*Entries shown*:
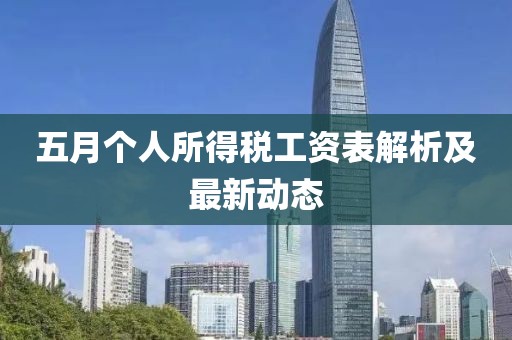 五月个人所得税工资表解析及最新动态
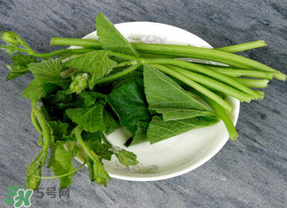 南瓜葉怎么處理？南瓜葉怎么炒？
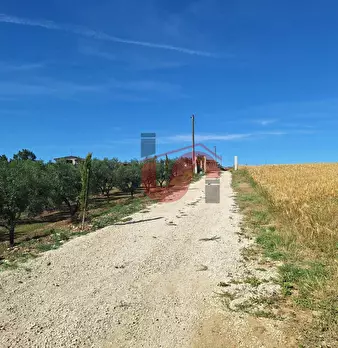 Foto annuncio 29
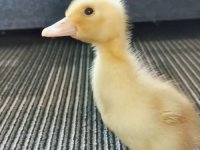 娱乐吃瓜酱鸭鸭视频大全,盘点热门视频大全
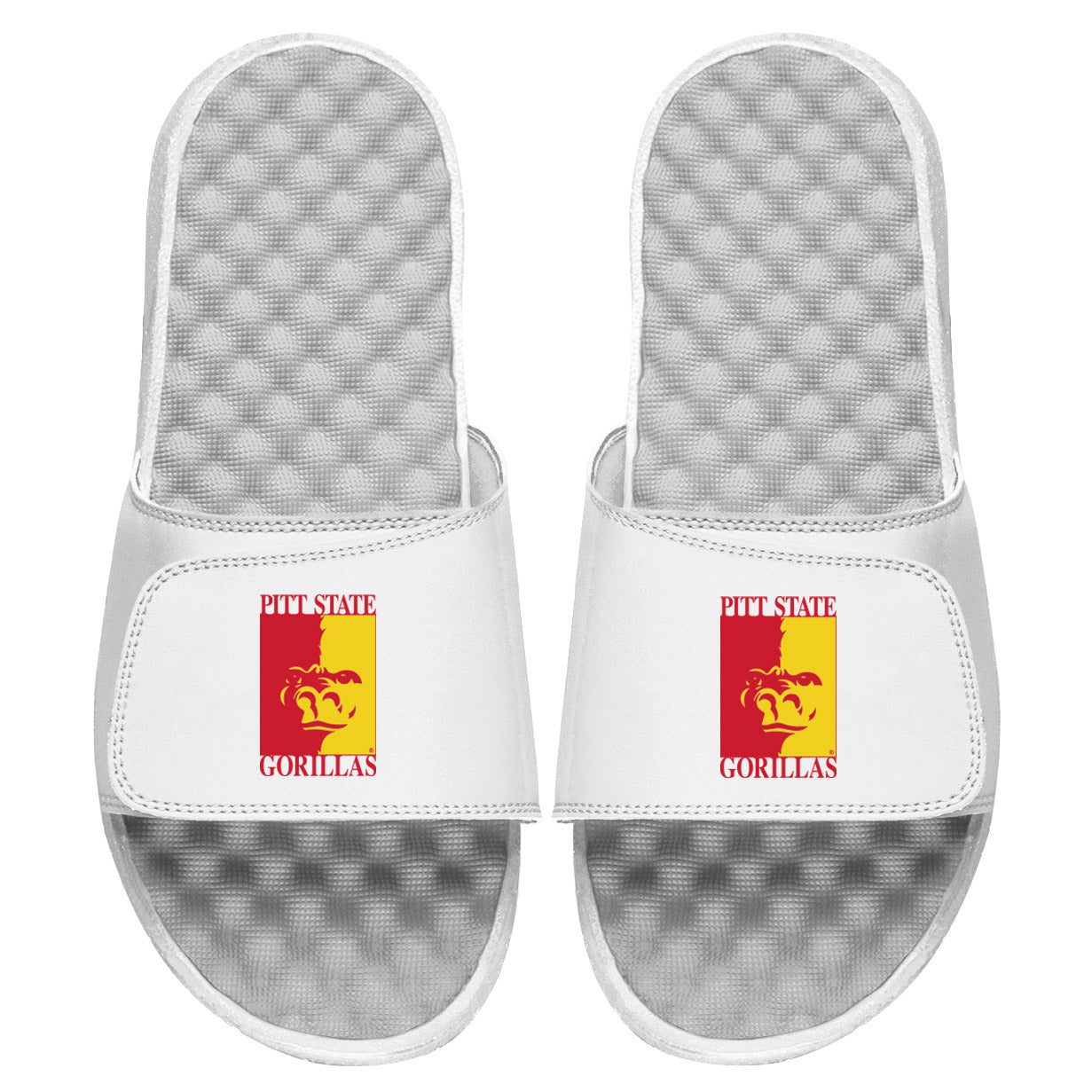 Pitt State Alternate Slides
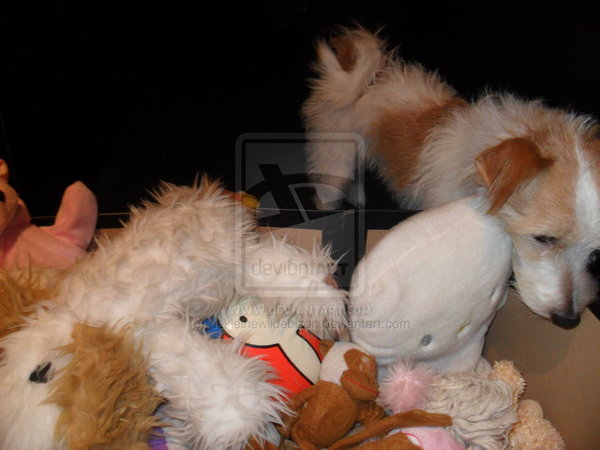 al het speelgoed vind ik leuk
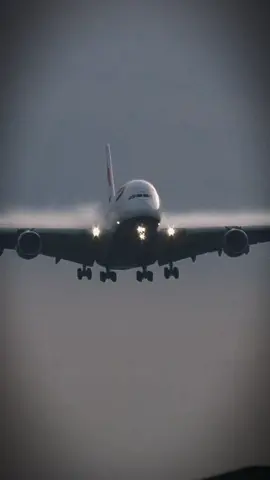 Saudi Arabia 🇸🇦🇸🇦🇸🇦🇸🇦🇸🇦🇸🇦🇸🇦 Riyadh 🇸🇦🇸🇦🇸🇦🇸🇦🇸🇦🇸🇦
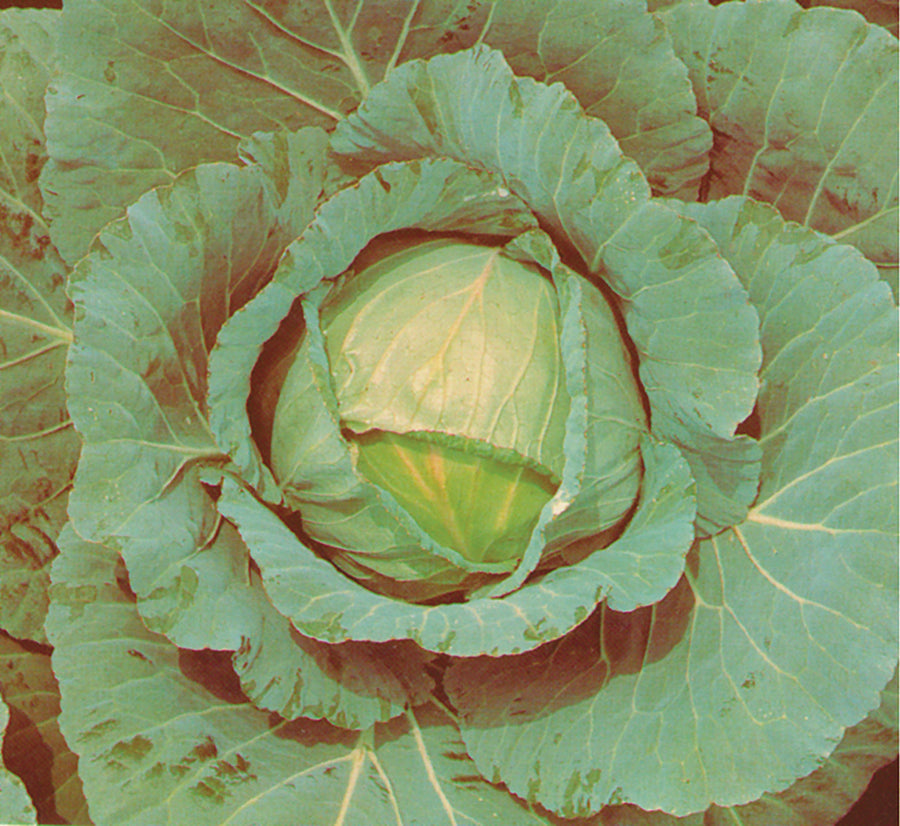 Cabbage, Langedijker Late, Winterkeeper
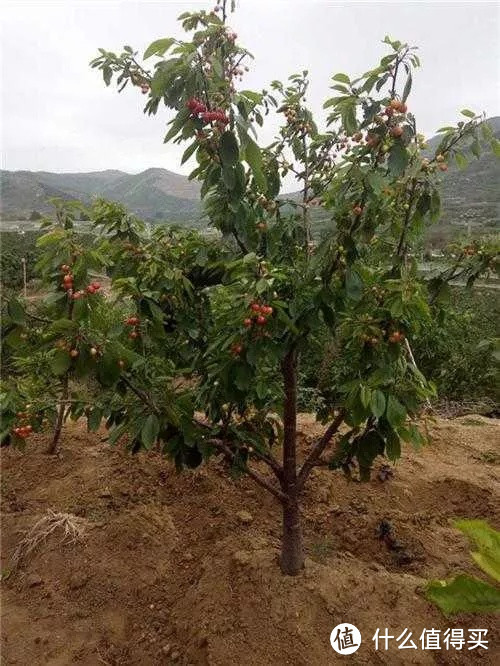 在中国，这种实木被低估了！橡木榉木黑胡桃樱桃木优缺点解读！6种仿品真假辨别！10款实木家具分析！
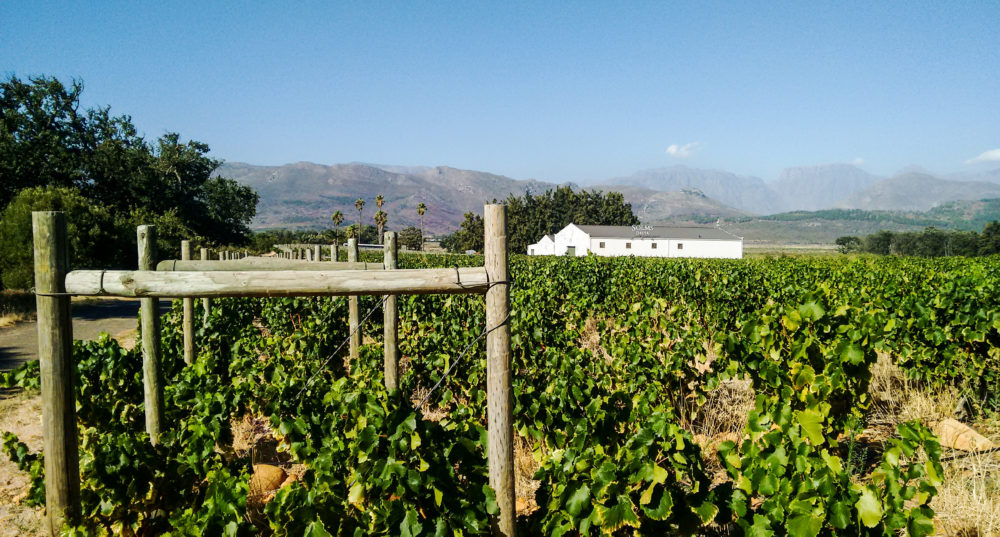 Working The Land: Land Question At The Heart Of Solms-delta As Liquidation Looms Again photo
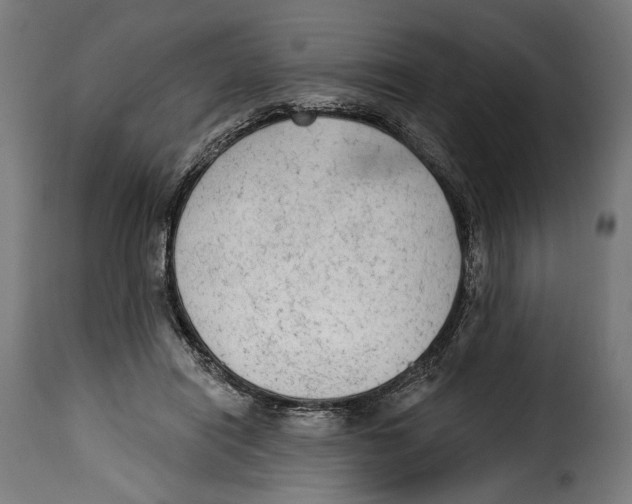 X0000114990454200911231145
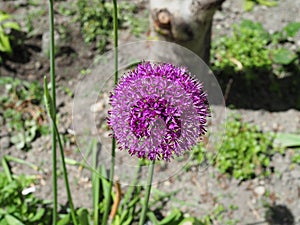 Blooming purple organic decorative bow, close-up on grass background, Allium rosenbachianum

*Problem statement*: Quote verbatim every line starting at the line that contains "在中国，这种实木被低估了！橡" and ending with the last line of the records; omit all pictures.

*Result*:
 在中国，这种实木被低估了！橡木榉木黑胡桃樱桃木优缺点解读！6种仿品真假辨别！10款实木家具分析！
 Working The Land: Land Question At The Heart Of Solms-delta As Liquidation Looms Again photo
 X0000114990454200911231145
 Blooming purple organic decorative bow, close-up on grass background, Allium rosenbachianum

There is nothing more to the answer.